How do you get leadership buy-in for security programs?
Dustin’s approach focuses on speaking the language of the business:
- Quantify risk in business terms: Reputation damage, customer acquisition impact, regulatory fines. Not “500 vulnerabilities.” A mature approach to threat modeling helps frame these conversations.
- Show customer demand: Implementing security controls to win a specific customer is an easy win that demonstrates direct ROI.
- Position as differentiator: In competitive markets, strong security posture can be the deciding factor for customers choosing between providers.
- Invite leadership into the conversation: Show your findings and ask “What do you think? Is this a problem?” rather than dictating solutions.
The key insight: if you show leadership everything you consider a problem and they say “that is fine,” you must adjust your approach. The conversation should be collaborative, not adversarial. Open the books, invite feedback, and let the data drive decisions together.

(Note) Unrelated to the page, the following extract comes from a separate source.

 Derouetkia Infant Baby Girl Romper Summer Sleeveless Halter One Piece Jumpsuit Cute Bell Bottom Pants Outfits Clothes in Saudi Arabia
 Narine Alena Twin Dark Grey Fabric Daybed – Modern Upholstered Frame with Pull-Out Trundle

How do you build security-first culture?
Culture change requires relationship building, not mandates from an ivory tower. Building a security culture takes deliberate effort:
- Earn your seat at the table: Being hired as the security person does not automatically give you influence. You earn it by providing value and speaking in terms others understand.
- Overcome the “office of no” perception: Security has a negative reputation. Counteract it by being solution-oriented, connecting with people, and showing you are on their side.
- Train engineers in their language: Developers who care about code quality already care about security implicitly. Frame security as quality. Ask what prevents them from following guidelines rather than lecturing them.
- Use root cause analysis to drive change: When incidents occur, trace them back to process gaps. This creates evidence-based justification for controls rather than opinion-based mandates.
The fundamental principle: you cannot influence without a relationship. Building relationships takes time, transparency, and consistent demonstration of value. The security teams that succeed are the ones that stop throwing rocks from ivory towers and start building partnerships with the teams they are trying to help.